10 Rue du Faubourg Saint-Martin, 75010
A taste of the West Coast can brighten any grey Paris day. That’s what two French expats living in Los Angeles thought when they decided to bring the taste of Hawaii back to Paris in the form of Ono Poké. Their goal is to change the perspective of what take-out lunch can look like in Paris, and with eight poké bowl designs to choose from – plus the option to create your own – Ono is well on its way. Each creation includes fresh fish and imported toppings like avocado and pineapple. (Tropical and out-of-season fruits and veggies at an affordable price in Paris, you say? Mais oui!)

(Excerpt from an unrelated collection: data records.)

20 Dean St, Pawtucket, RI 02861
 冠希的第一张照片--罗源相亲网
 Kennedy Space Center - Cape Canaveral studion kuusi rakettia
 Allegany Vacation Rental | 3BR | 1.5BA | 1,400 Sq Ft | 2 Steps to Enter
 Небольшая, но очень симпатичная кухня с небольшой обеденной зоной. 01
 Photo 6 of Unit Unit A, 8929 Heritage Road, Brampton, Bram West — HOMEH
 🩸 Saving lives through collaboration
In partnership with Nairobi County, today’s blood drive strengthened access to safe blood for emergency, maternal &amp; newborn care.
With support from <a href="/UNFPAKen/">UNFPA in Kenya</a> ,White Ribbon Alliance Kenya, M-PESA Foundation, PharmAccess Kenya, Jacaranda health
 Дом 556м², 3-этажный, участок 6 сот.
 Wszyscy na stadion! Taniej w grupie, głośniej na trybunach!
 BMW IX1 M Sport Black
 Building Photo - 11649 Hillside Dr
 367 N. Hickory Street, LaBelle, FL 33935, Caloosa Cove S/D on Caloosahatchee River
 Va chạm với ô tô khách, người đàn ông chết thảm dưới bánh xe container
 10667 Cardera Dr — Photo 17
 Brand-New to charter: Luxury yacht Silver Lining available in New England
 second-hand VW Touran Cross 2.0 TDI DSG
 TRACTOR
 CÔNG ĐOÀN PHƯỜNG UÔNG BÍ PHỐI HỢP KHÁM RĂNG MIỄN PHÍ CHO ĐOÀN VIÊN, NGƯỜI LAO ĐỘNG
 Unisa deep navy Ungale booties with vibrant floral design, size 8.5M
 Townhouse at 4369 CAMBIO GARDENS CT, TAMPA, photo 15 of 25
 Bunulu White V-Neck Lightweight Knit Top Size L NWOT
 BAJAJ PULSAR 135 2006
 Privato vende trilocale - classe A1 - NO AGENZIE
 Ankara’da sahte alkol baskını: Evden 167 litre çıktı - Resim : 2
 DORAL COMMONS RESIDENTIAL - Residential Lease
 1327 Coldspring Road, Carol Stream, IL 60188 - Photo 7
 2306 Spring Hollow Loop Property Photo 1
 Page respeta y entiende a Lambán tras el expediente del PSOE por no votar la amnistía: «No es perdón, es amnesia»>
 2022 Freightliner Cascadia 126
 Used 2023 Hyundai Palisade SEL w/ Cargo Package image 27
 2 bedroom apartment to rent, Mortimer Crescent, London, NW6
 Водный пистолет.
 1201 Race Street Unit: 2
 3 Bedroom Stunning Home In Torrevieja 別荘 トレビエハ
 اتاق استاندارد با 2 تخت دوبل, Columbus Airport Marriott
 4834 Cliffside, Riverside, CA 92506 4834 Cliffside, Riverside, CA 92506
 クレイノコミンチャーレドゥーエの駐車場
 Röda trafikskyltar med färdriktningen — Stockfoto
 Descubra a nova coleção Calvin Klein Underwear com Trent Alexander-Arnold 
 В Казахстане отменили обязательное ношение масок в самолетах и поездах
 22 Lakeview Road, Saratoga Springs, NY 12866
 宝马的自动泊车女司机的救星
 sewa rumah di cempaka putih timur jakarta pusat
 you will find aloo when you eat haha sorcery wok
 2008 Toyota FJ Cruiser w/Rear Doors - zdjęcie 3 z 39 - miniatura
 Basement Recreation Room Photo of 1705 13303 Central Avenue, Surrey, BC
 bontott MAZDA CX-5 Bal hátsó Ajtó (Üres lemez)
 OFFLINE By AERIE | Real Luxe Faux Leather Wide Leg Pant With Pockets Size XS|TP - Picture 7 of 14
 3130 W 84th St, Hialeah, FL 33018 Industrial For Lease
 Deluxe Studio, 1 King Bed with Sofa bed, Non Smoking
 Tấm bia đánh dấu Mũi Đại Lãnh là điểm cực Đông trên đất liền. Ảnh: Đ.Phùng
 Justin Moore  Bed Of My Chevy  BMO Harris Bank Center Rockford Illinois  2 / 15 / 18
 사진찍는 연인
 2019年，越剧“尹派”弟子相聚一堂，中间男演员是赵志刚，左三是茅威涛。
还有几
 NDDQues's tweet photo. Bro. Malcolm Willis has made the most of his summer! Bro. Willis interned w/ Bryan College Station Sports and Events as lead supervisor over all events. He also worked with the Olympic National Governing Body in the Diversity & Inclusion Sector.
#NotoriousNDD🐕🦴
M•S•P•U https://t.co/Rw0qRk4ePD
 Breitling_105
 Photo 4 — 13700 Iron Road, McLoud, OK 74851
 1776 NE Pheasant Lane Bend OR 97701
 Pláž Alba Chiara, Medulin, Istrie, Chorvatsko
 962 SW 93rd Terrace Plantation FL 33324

167 Rue Saint-Jacques, 75005
No frills restaurants often offer two things: authenticity and affordability. Going meatless is an easy way to cut costs on a meal, and food-lovers agree that there are few places doing vegan in Paris better than Tien Hiang. Based on cuisines from Southeast Asia, including Vietnam, Thailand, southern China and Malaysia, the menu boasts many Asian favorites but with a vegan soy-based protein twist and without beefed-up prices. Among worthwhile basics like curries, skewers, and spring rolls, are Peking “duck” over rice and sticky rice with “chicken” in a lotus leaf.
14 rue Bichat, 75010
A tried-and-true way to get the most bang for your buck is the wine bar set up. Wait for a spot to clear at the crowded bar, and be sure to stake out your territory. Dishes are ever-changing but trusty; fritters are little indulgences, and savory versions of sweets like mousse and cookies will keep you entertained throughout your meal.
54 Rue de Seine, 75006
Don’t feel guilty about wanting something a bit lighter after a few days in Paris – we’ve all been there. For a midday bite, Bob’s is best. This health-focused joint revives and energizes ahead of the afternoon with healthy juices, smoothies, soups, salads and their ultimate veggie stew. You can even grab something for your sweet tooth, like granola or pancakes. Blend in with the local hip folk of the Marais at Bob’s Kitchen, and if your wanders take you north, you can make pit stops and Bob’s Juicebar and Bake Shop for a mid-afternoon revival.